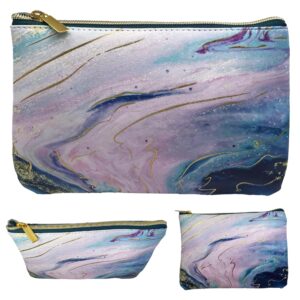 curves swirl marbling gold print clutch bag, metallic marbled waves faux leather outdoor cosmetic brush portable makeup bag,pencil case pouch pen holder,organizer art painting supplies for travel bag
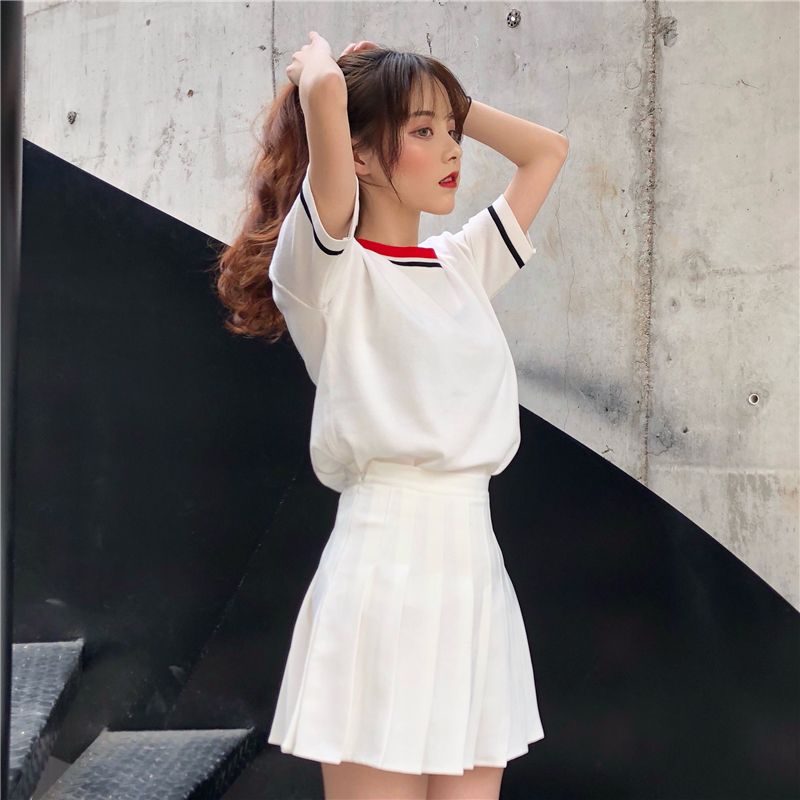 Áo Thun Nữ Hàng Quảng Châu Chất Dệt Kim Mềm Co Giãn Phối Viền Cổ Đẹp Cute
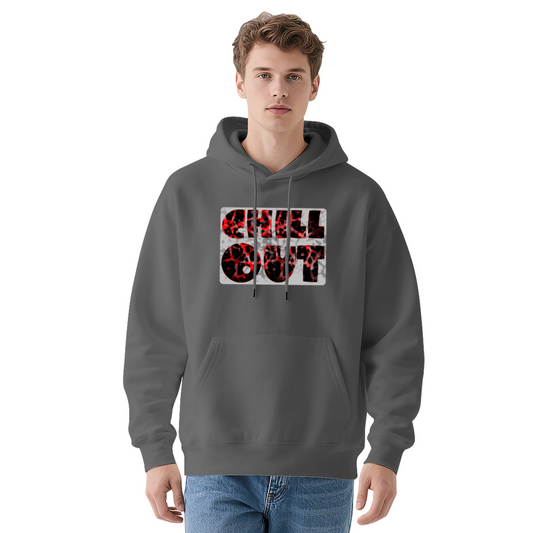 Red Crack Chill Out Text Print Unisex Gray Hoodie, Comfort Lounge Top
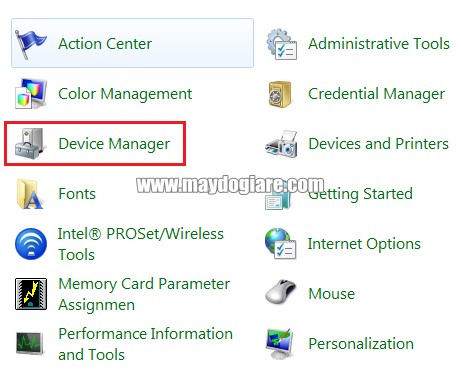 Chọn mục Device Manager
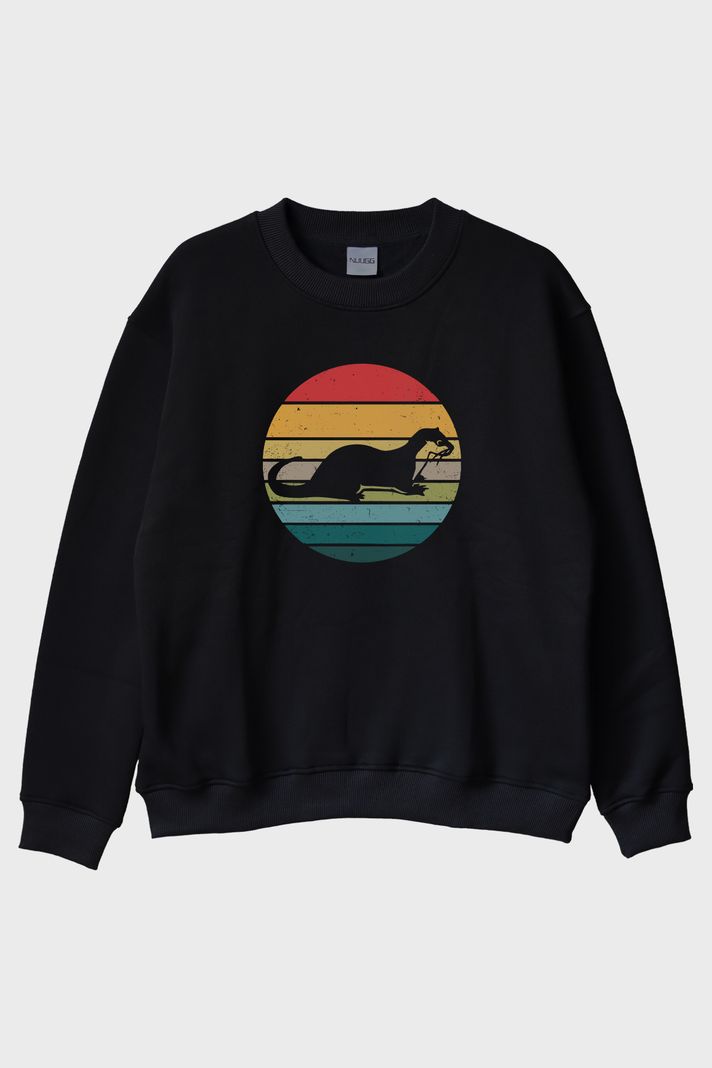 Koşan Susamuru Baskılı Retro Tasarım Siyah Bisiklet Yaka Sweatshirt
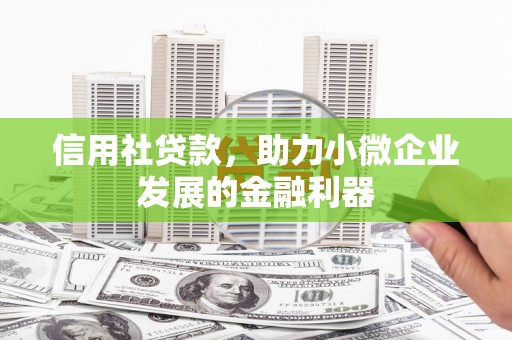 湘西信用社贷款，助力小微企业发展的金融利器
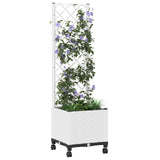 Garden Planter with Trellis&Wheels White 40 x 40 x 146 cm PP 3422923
################
PROBLEM TO SOLVE =>
Could you reproduce exactly, and only, the lines from the start of the records through the line containing "Koşan Susamuru Baskılı", leaving out the pictures?

EXPECTED ANSWER =>
 curves swirl marbling gold print clutch bag, metallic marbled waves faux leather outdoor cosmetic brush portable makeup bag,pencil case pouch pen holder,organizer art painting supplies for travel bag
 Áo Thun Nữ Hàng Quảng Châu Chất Dệt Kim Mềm Co Giãn Phối Viền Cổ Đẹp Cute
 Red Crack Chill Out Text Print Unisex Gray Hoodie, Comfort Lounge Top
 Chọn mục Device Manager
 Koşan Susamuru Baskılı Retro Tasarım Siyah Bisiklet Yaka Sweatshirt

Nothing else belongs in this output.